In line with the cucina povera, which describes the make-do cooking of poverty-stricken rural Italy in decades gone by, this dish serves to fill the diner up before moving on to a smaller (more expensive) protein course.

Because of this, while you might find small amounts of meat or fish in Italian primi in the form of guanciale in your carbonara or minced beef in your ragù sauce, you won’t be served large quantities of meat with your primo.

Polpette, or meatballs, are a separate second course, and you’ll never come across a chicken-based pasta dish in Italy.

READ ALSO: OPINION: Why do Italians get so angry if you mess with classic recipes?

Secondo piatto

The secondo is, as its name suggests, your second main dish – usually meat or fish, though most restaurants will offer at least one vegetarian option in the form of something like an aubergine parmigiana.
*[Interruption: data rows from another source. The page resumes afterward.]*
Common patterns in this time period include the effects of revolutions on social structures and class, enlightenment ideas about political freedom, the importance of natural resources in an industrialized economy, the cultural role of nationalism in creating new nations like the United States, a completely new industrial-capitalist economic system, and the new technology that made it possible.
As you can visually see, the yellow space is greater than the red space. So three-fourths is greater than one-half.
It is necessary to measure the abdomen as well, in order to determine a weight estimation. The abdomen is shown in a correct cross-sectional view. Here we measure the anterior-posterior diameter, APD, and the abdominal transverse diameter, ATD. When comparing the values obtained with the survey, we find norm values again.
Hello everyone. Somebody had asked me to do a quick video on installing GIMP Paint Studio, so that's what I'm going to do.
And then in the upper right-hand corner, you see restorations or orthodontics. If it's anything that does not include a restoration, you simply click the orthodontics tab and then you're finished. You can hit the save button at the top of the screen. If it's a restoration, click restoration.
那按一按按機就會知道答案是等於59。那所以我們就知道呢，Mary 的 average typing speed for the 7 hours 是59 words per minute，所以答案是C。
If you want to round it out, you can order one or more contorni – side plates of salad or vegetables.

Italian restaurants will provide both primo and secondo options, but these days most places won’t expect you to order both, and it’s fine for one person to order a primo and the other a secondo to arrive at the same time.
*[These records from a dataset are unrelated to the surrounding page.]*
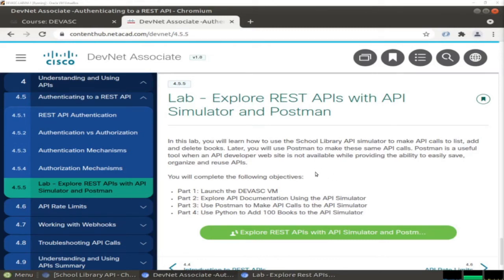Hello everyone. In this video I'm going to work out lab 4.4.5.5, Explore API. In this lab we are going to use API to list books, delete or add books to a library. We are going to use first a simulator, an API simulator using GUI, then Postman, and finally Python for this purpose. So we are going to learn how to deal with API.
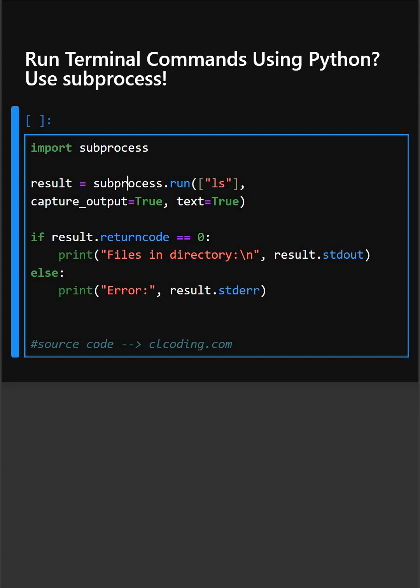Then, subprocess.run runs the ls command which lists all files in the current directory like using terminal.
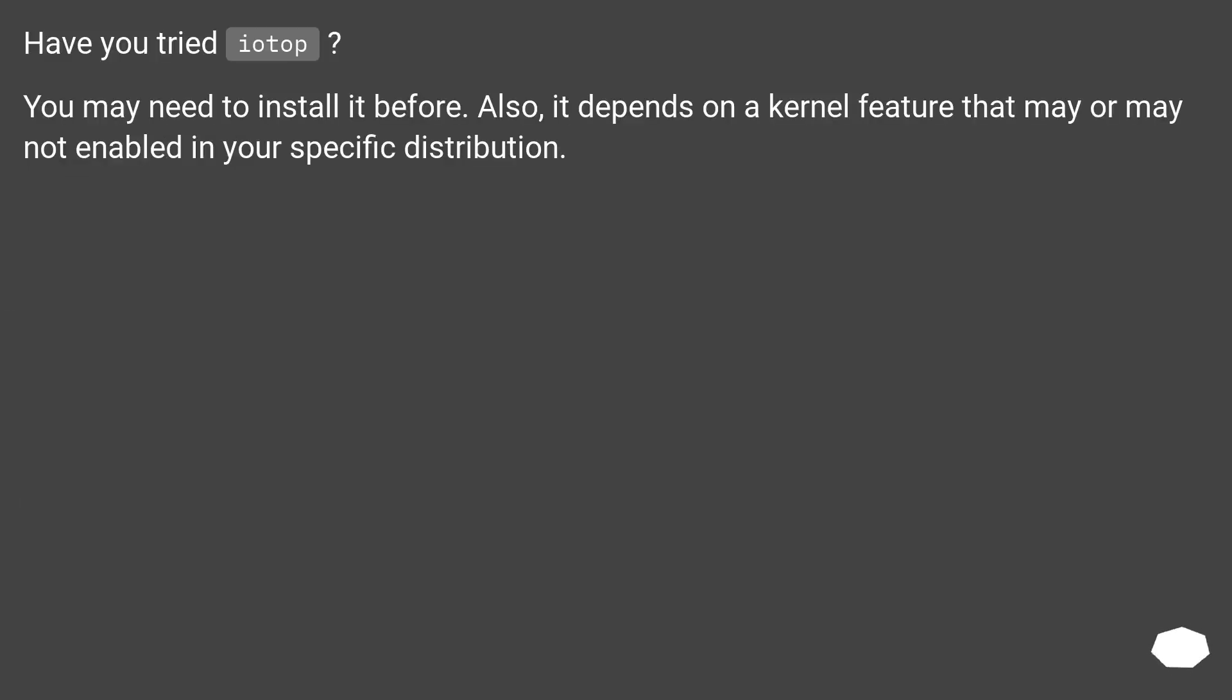Have you tried iotop? You may need to install it before. Also, it depends on a kernel feature that may or may not be enabled in your specific distribution.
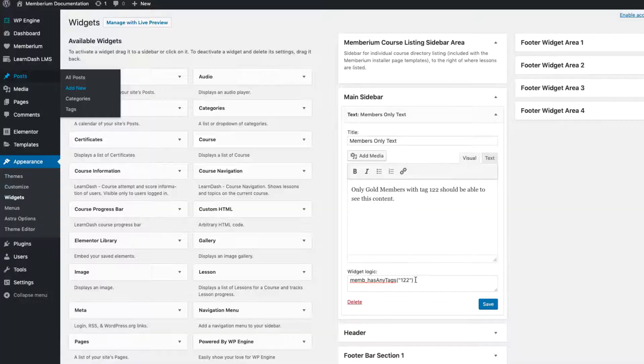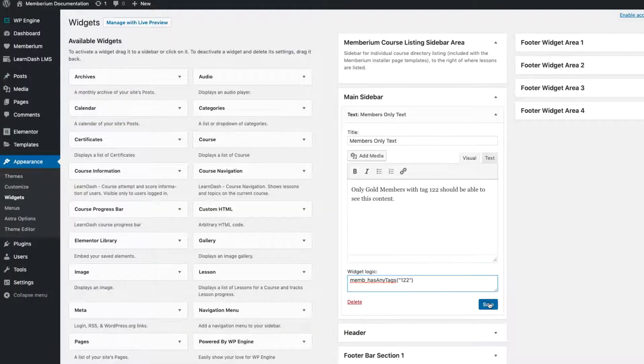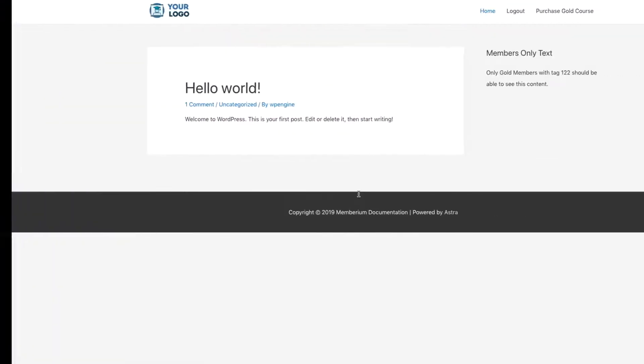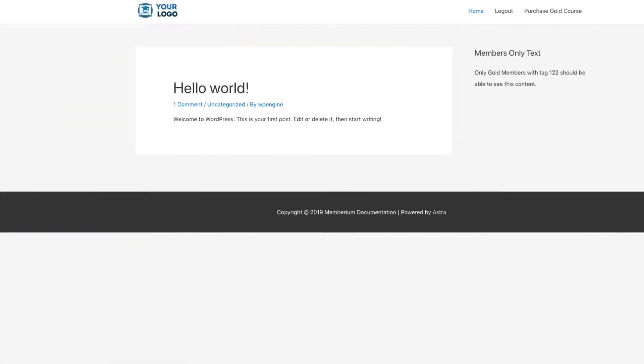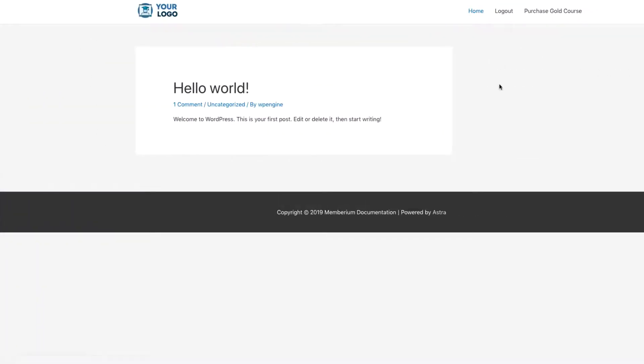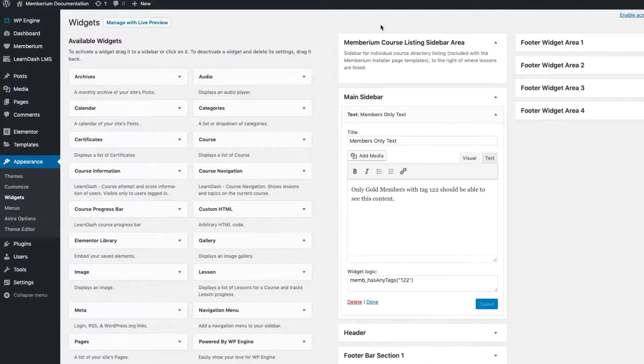Heading back over to the widget I can go ahead and save this now since I've put in mempass any tags 122. And now if I come over here where I'm logged in as that user and refresh, you'll see that that text disappeared. That's because I don't have the 122 tag on that user.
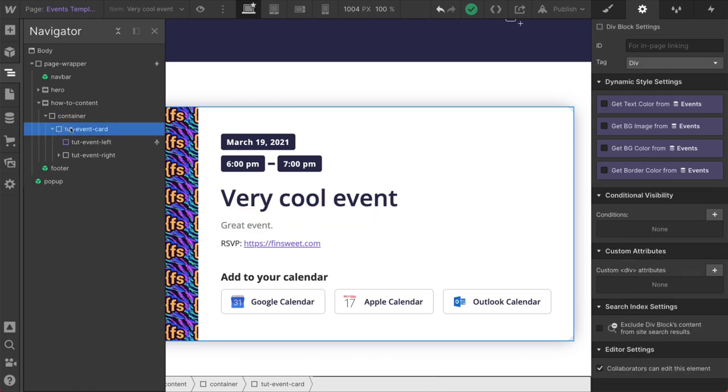This is our tut event card. That's what we are calling this right here. This is our containing information for this event. It is a wrapper of this event. We'll be using this class in the JavaScript to say this is our event. When we get to dynamic list, we can have this inside of our dynamic item. So wherever we see this class, we are going to generate a calendar invite with these classes.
Once the secondo is over, it’s time for dessert.

The type of dolce you’re offered will likely vary depending on region, but the list commonly includes cantucci biscuits to be dipped in vin santo dessert wine, panna cotta, a crostata tart, and, of course, tiramisù.

If you’ve got a hankering for gelato, you’re probably best off heading out to one of the many gelaterie that populate the piazzas and streets Italian towns, where you’ll have access to a wide range of flavours.

READ ALSO: The must-try foods from every region of Italy


Next comes the caffè, which in Italy is an espresso – definitely not a cappuccino or caffè latte, which are strictly breakfast drinks, though you might get away with asking for a splash of milk and making yours a caffè macchiato.

It might seem unwise to consume caffeine at the end of the evening, but you can always order a caffè decaffeinato (usually shortened to deca), and its effects are at any rate tempered by what follows:


At the very end of the night, you’ll likely be offered a bitter amaro liqueur or some other spirit-based digestivo (some restaurants will bring these for free along with the bill).

This could also be a distilled liquor grappa, or if you’re further south, a sweet limoncello.

Taken straight after or along with your coffee, these after-dinner drinks are known in Italy as an ammazzacaffè – literally, a coffee-killer, for its dampening effect on the caffeine.

Congratulations, you’ve made it to the end of an Italian meal! Now you just have to roll yourself off your chair or sofa and make your way home, where you’ll spend a good portion of the following day digesting your meal.